WHAT THIS TASK INVOLVES
Quote, word for word, only the lines running from the line with "What is going" through the end of the listing. Leave out the pictures.

SUPPLIED INFORMATION
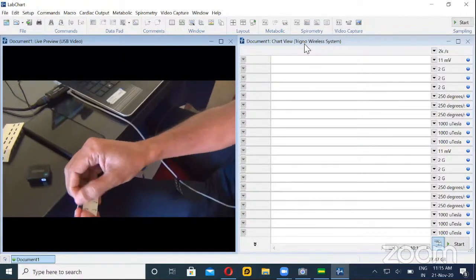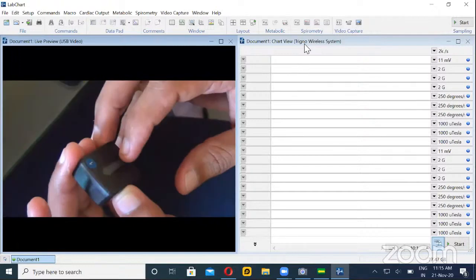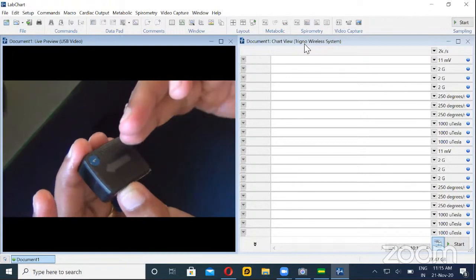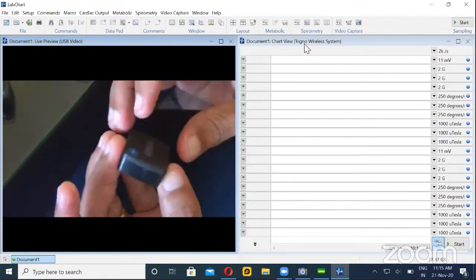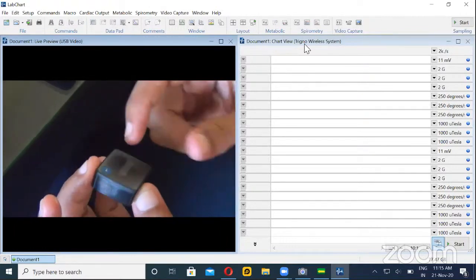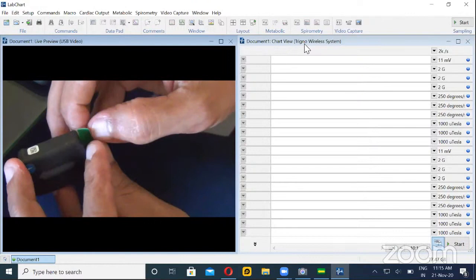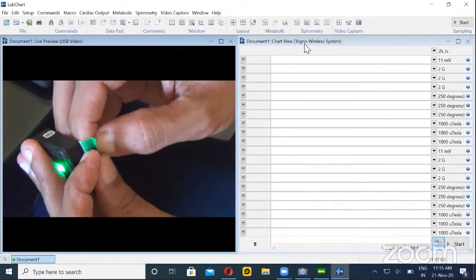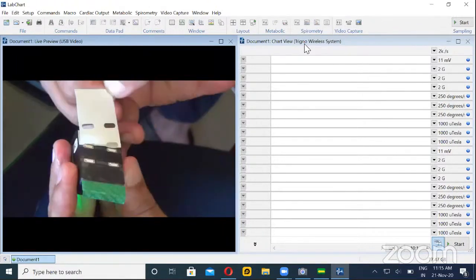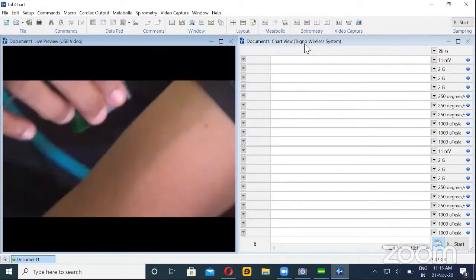This arrow shows you that optimally the arrow should align itself with the muscle fiber direction — if the muscle fiber is horizontal, keep it horizontal; if it is longitudinal, keep it longitudinal. Ideally to get the other parameters, this arrow should be pointing upwards. Now I'll remove the other side of the sticker and place it on my biceps muscle.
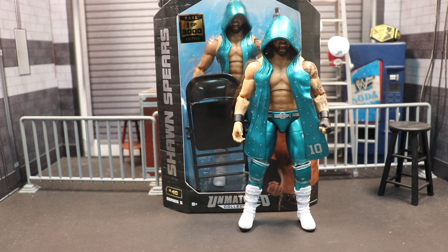What is going on everybody, welcome back to the channel. Today we're taking a look at another AEW chase, and it is the Unmatched Series 5 Sean Spears, one of 3,000. Let's get right on into it.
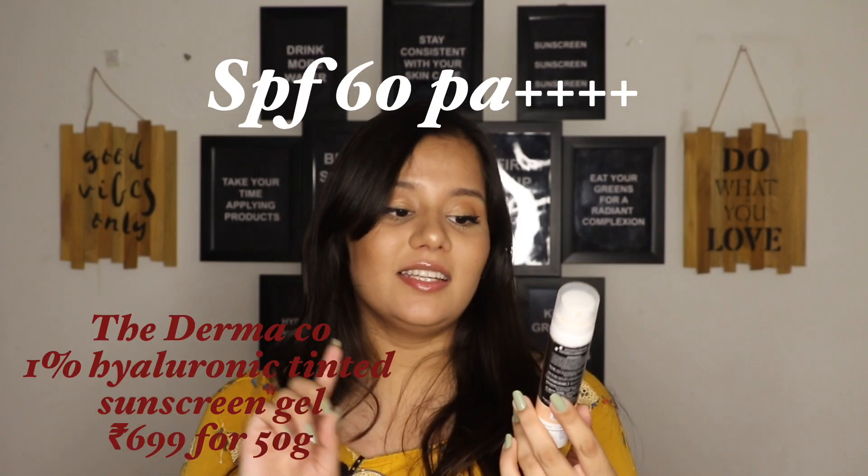Now I'll talk about my absolute favourite sunscreen of all three — the 1% Hyaluronic Tinted Sunscreen Gel. This particular sunscreen is so beautiful. It is a complete mineral sunscreen with absolutely no organic or chemical filters. So if you're someone with a sunscreen allergy, this one would actually suit you, since people with sunscreen allergies can usually use mineral sunscreens without any problem. I suggest you give this one a try. It has zinc oxide as its main sun filter — zinc oxide is a mineral, broad spectrum filter giving both UVA and UVB protection.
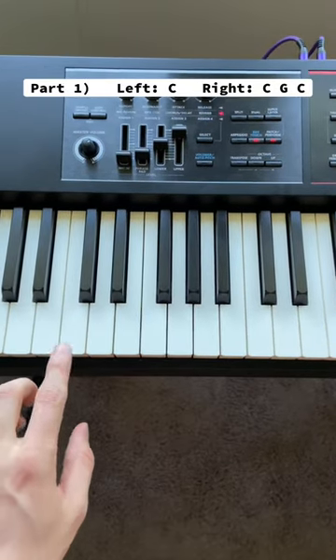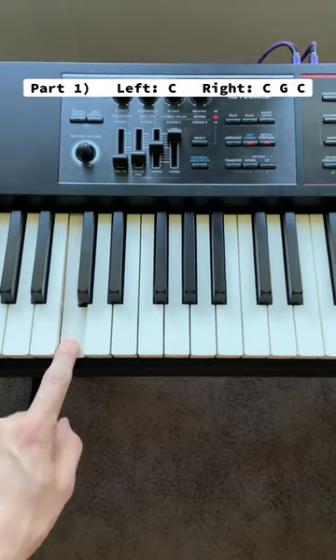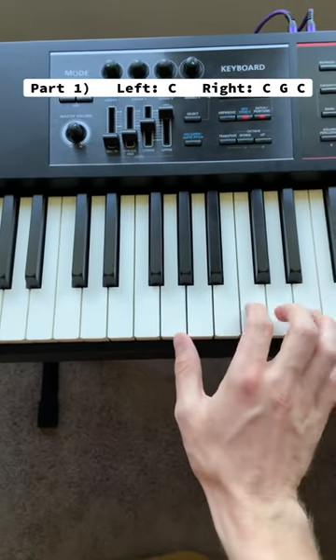On the left hand you just press C, which is attached to the left of these two black keys right here. Then you go up to the next C and do this thing with your right hand.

TASK RESPONSE
What is going on everybody, welcome back to the channel. Today we're taking a look at another AEW chase, and it is the Unmatched Series 5 Sean Spears, one of 3,000. Let's get right on into it.
Now I'll talk about my absolute favourite sunscreen of all three — the 1% Hyaluronic Tinted Sunscreen Gel. This particular sunscreen is so beautiful. It is a complete mineral sunscreen with absolutely no organic or chemical filters. So if you're someone with a sunscreen allergy, this one would actually suit you, since people with sunscreen allergies can usually use mineral sunscreens without any problem. I suggest you give this one a try. It has zinc oxide as its main sun filter — zinc oxide is a mineral, broad spectrum filter giving both UVA and UVB protection.
On the left hand you just press C, which is attached to the left of these two black keys right here. Then you go up to the next C and do this thing with your right hand.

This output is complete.